Classify handwritten digits using the famous MNIST data
The goal of this project is to take an image of a handwritten single digit, and determine what that digit is. From the provided dataset, each row in training dataset means the label and 28x28 pixels data of an image. The MNIST database is a large database of handwritten digits that is commonly used for training various image processing systems, and through the home page of this dataset, we found that it provides many kinds of solution implemented by different machine learning algorithms without random forest. Random Forest uses multiple classifiers for bagging, boosting and random subspaces, and there is a growing interest to use this kind of multiple classifier system in pattern recognition field. Based on previously works, we want to implement random forest by coding so as to have a deeper understand about how a machine learning algorithm works in real life problem. Additionally, we use third-part toolbox, like WEKA, to train and evaluate the same dataset with random forest and other machine learning algorithms, so that we can compare the performances between our implement and existing solutions. The evaluation metric for this project is the categorization accuracy, or the proportion of test images that are correctly classified. Besides, some performance results will be presented to evaluate this project.
The MNIST (Modified National Institute of Standards and Technology) database gives a lot of images of handwritten digits. It is constructed based on NIST (National Institute of Standards and Technology) which gives data set of over 800,000 images of handwritten digits from 3,600 writers. The MNIST data have been size-normalized and centered in a fixed size image, so we can use this data and apply our learning algorithms to real-world problem without additional effort on pre-process procedure. We use the dataset which is organized for Keggle competition.
The data contains gray-scale images of hand-written digits (0
9). The each image consists of total 784 pixels (28 * 28) and pixel-value (0255) which determines the degree of darkness or lightness. The image data is pre-processed and combined to one CSV type. The column of CSV data means pixels of an image data and the row means each image data. Training data set contains label, but test data set doesn’t contain the label.
Features of the dataset are as below.
- Real hand-printed data prepared by individuals (approximately 500 writers)
- Amount of data: 40,000 examples (71.4MB)
- Amount of features: 784 (pixel)
- CSV data type
Due to the observation that the input dataset has enormous numbers of dimensions, 784 features representing the grey value in each pixel, it is computationally expensive to directly put the raw data into the classifiers. Hence we present two feature selection methods, Principal Component Analysis and Convolution.

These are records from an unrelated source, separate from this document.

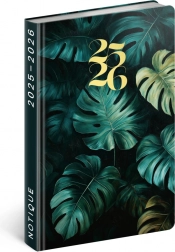 18-monatiger Kalender Petito Monstera 2025/2026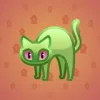 Scared Cat #10157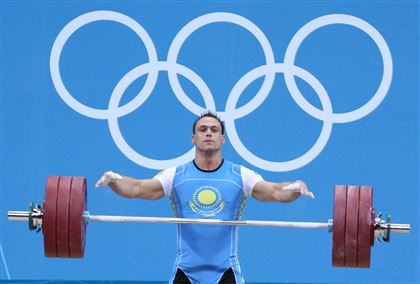 Какие места занимают казахстанские тяжелоатлеты в олимпийском рейтинге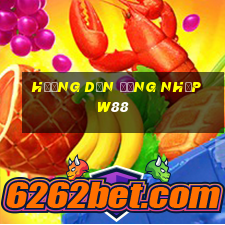 hướng dẫn đăng nhập w88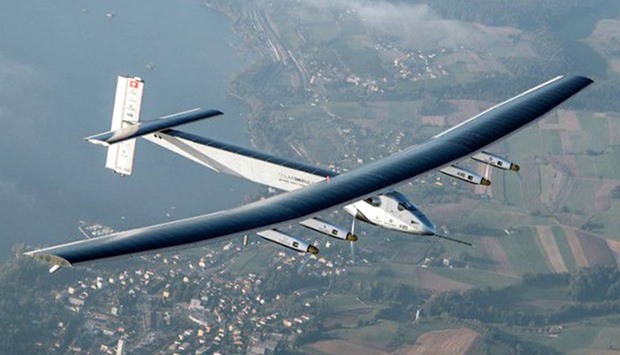 The Solar Impulse 2
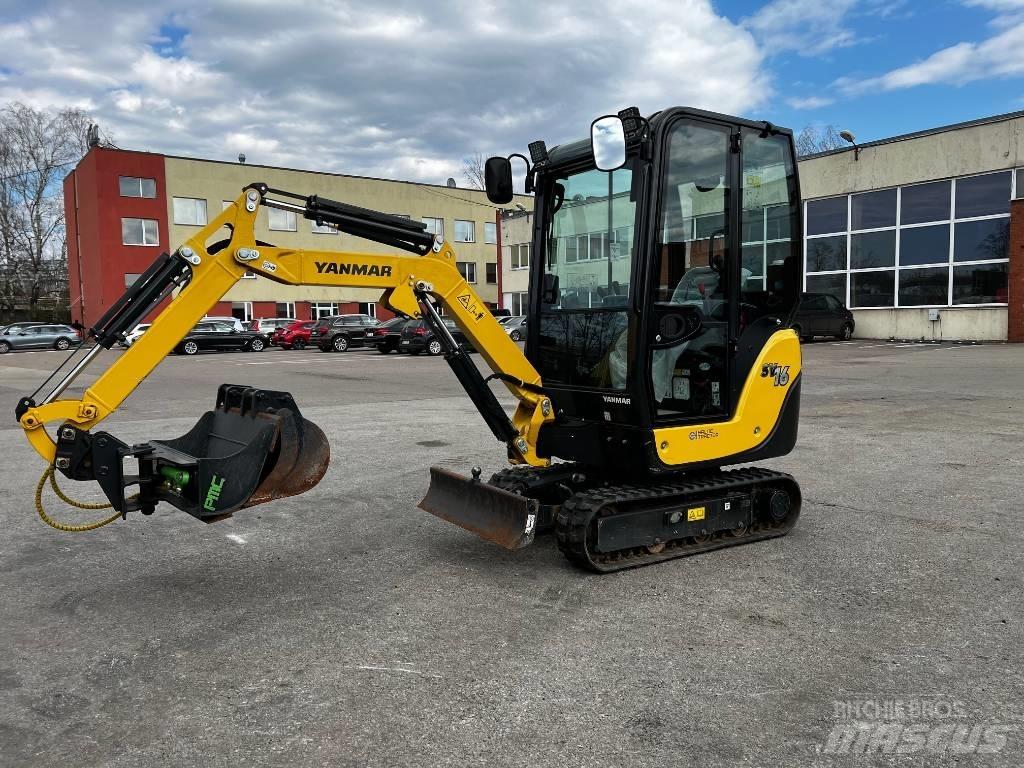 Yanmar SV 16 Mini ekskavatörler, 7 tona dek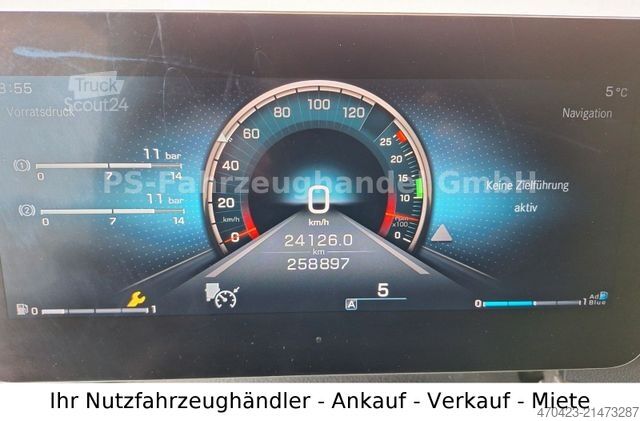 Volumen trækker MERCEDES-BENZ Actros 1848 LSnRL 4x2*LowLiner*Luft/Luft*2 Tanks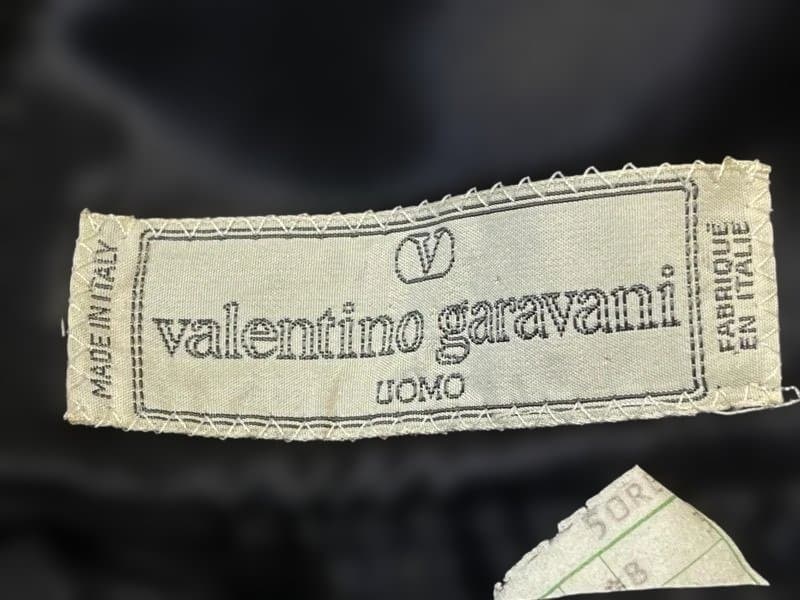 【美品】VALENTINO GARAVANI 　トレンチ ウールコート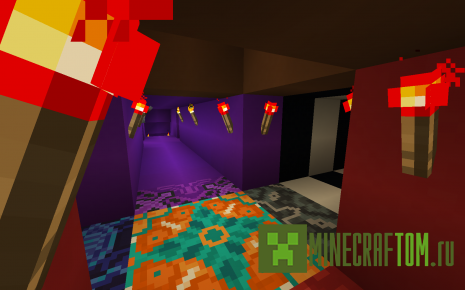 Карта Never Ending Tunnels (Бесконечный туннель)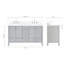 Ensemble de meuble-lavabo double 60 po -1986281526-1947388154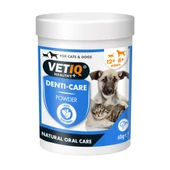 Vet IQ Kedi ve Köpek İçin Diş Bakım Tozu 60 gr thumbnail 1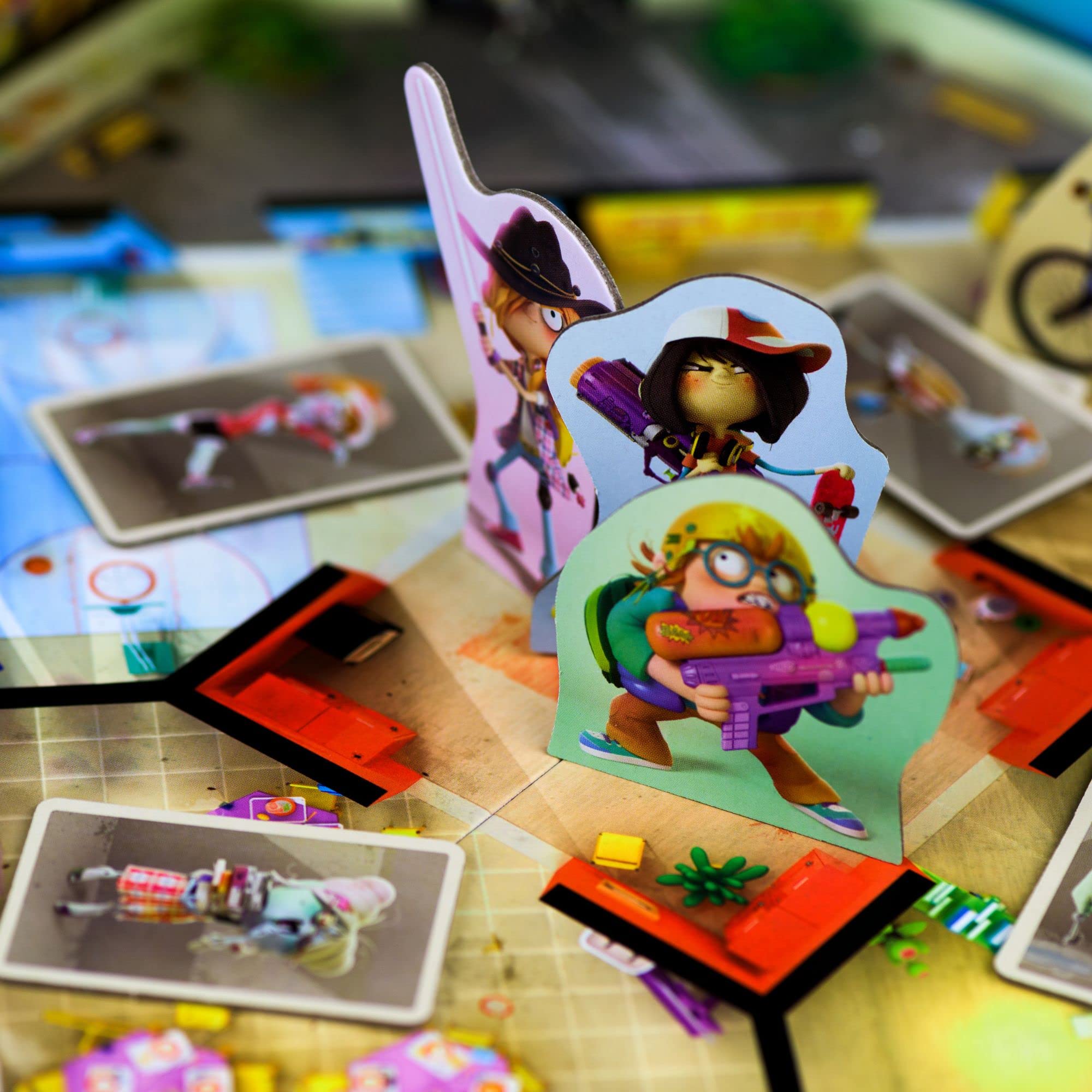 Zombie Kidz Evolution | Cooperative Game for Kids and Families | Ages 7+ | 2 to 4 Players | 15 Minutes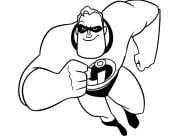 The Incredibles Coloring Pages for Kids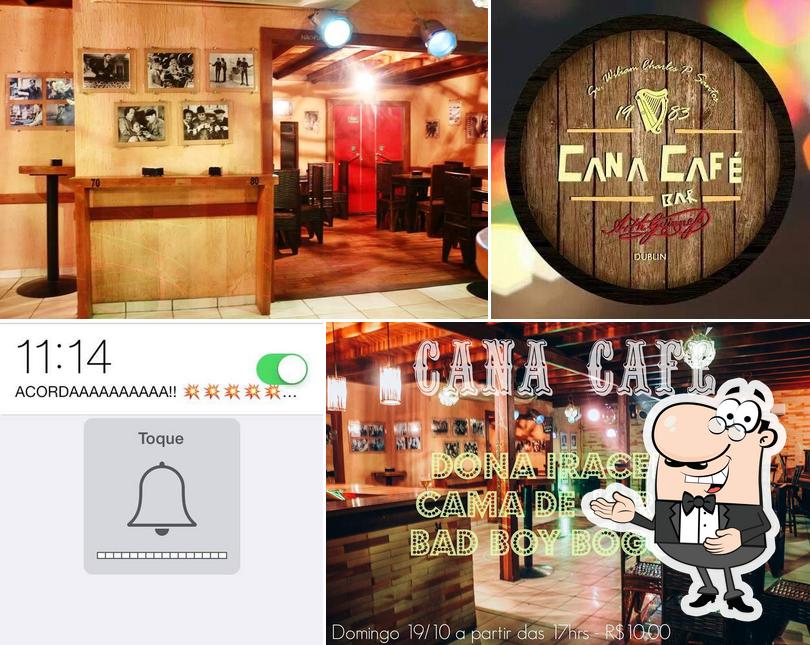 Here's a pic of Cana Café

In this project, we tried to implement our own Random Forest without any machine learning toolbox provided by MATLAB, which is a famous a high-level language and interactive environment for numerical computation, visualization, and programming. In this part, we will discuss how to implement a Random Forest by MATLAB_R2015a to predict label values in MNIST dataset.
we apply the logistic regression on the transformed dataset of 32-dim, 64-dim and 128-dim and show the f1 scores and time consumption of each dimensionality choice. we observe that the time consumption for model training increased dramatically from 64-dim to 128 dim while the increased dimensionality doesn’t pay back greatly, only a slight increase in f1 measure and accuracy. Hence we use the first 64 eigen-vectors to form a new feature space.
Simulation on WEKA
Weka is a famous machine learning tool written in Java. This is open source software under the GPL. It helps to solve data science problem like classification, cluster and associate by giving a lot of useful machine learning algorithms library. Representative algorithms in the data science field are like Decision Tree, MLP, Naïve Bayes and Random Forest. Each algorithm has distinct characteristics because they are based on different theory as Tree, Neural Network, Bayes Theory (Probability) and Ensemble. In this paper, we show the difference of these algorithms in the handwritten digits recognition problem. For comparing the performance of these algorithms, we use the algorithms implemented in Weka. The basic setting of parameters of the algorithms is as follows.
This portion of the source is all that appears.